| Requirement |
Print out all of the records exactly; no picture belongs in the result.

Image-caption web data
* * *

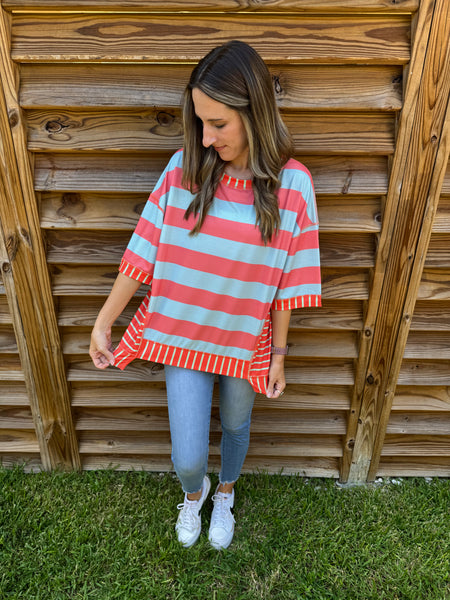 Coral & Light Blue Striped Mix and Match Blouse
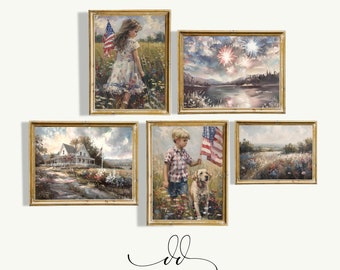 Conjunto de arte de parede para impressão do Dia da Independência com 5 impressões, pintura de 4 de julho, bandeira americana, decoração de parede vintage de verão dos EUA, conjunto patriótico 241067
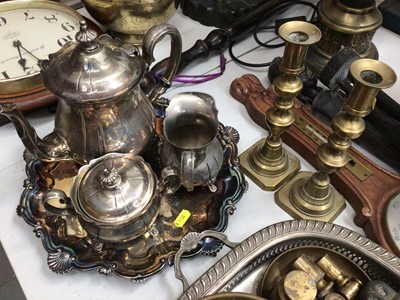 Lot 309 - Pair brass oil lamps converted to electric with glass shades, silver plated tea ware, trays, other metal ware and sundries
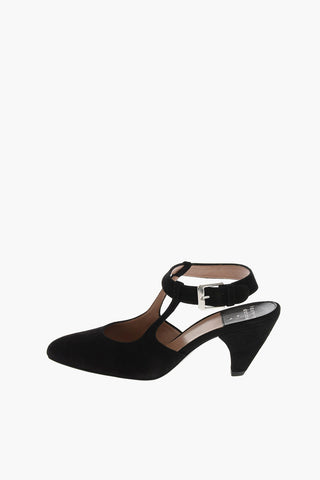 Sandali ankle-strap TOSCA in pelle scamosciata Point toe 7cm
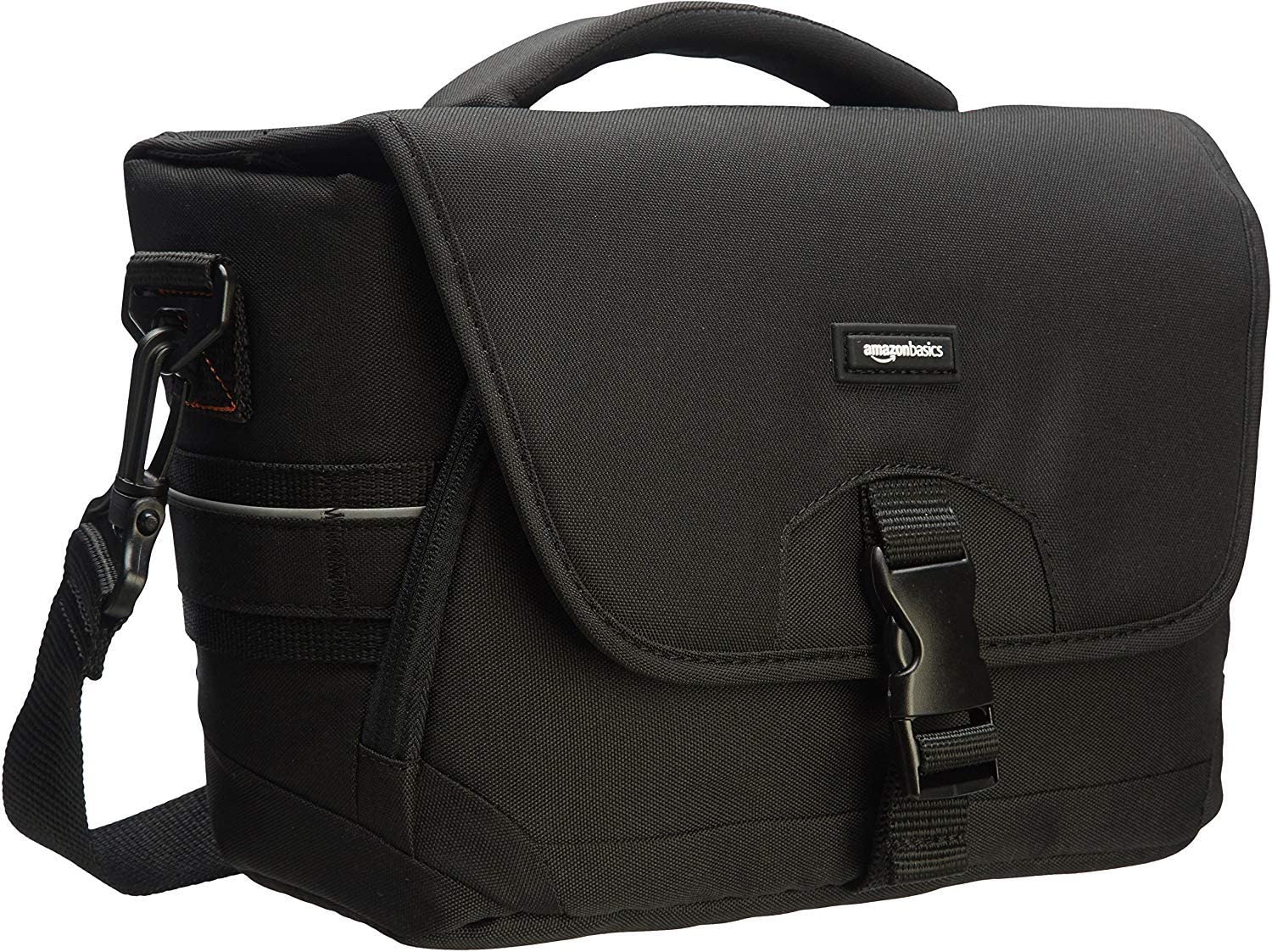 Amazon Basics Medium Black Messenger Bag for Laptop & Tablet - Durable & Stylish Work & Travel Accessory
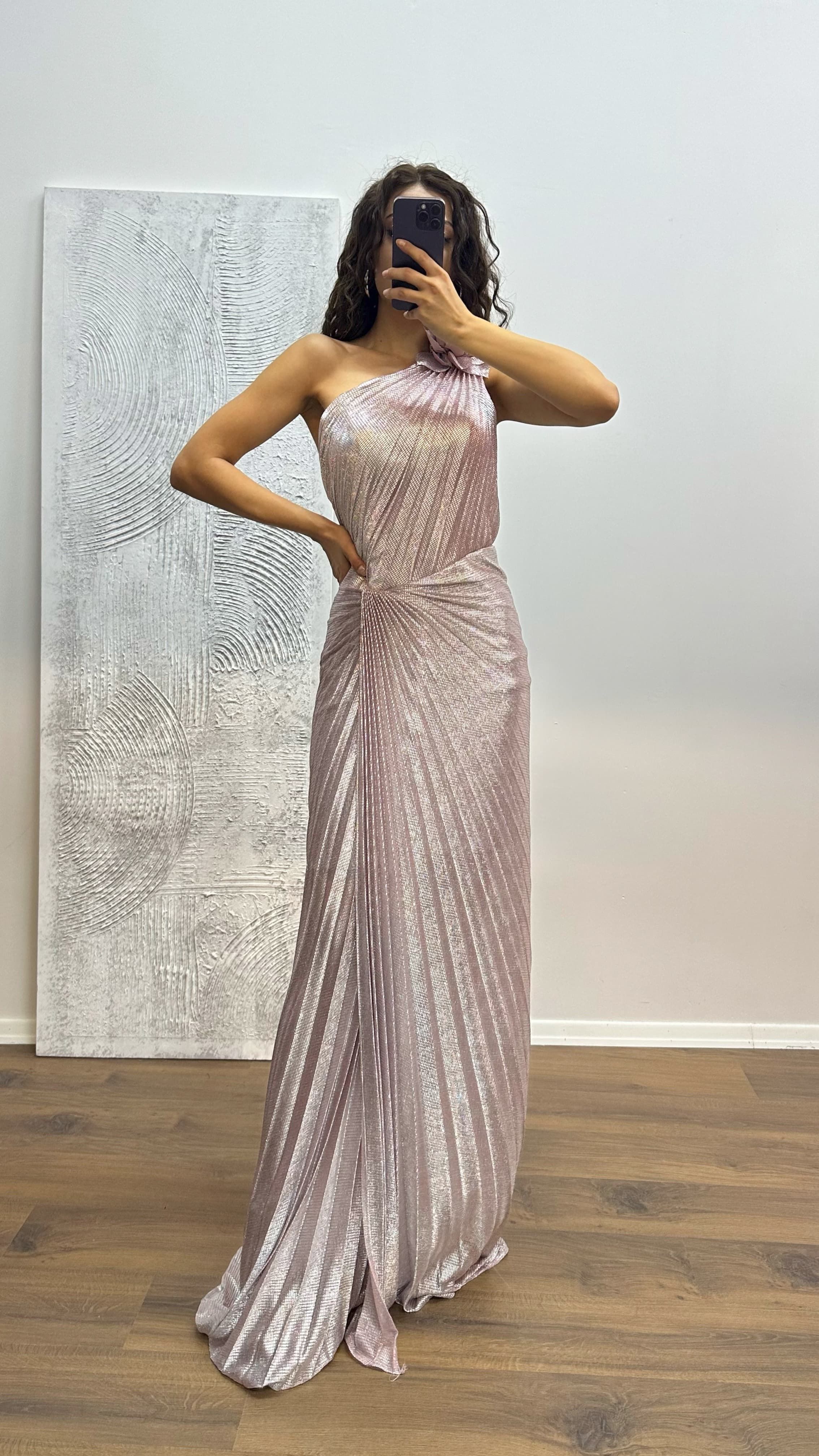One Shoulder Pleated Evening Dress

* * *

| Exercise solution |
 Coral & Light Blue Striped Mix and Match Blouse
 Conjunto de arte de parede para impressão do Dia da Independência com 5 impressões, pintura de 4 de julho, bandeira americana, decoração de parede vintage de verão dos EUA, conjunto patriótico 241067
 Lot 309 - Pair brass oil lamps converted to electric with glass shades, silver plated tea ware, trays, other metal ware and sundries
 Sandali ankle-strap TOSCA in pelle scamosciata Point toe 7cm
 Amazon Basics Medium Black Messenger Bag for Laptop & Tablet - Durable & Stylish Work & Travel Accessory
One Shoulder Pleated Evening Dress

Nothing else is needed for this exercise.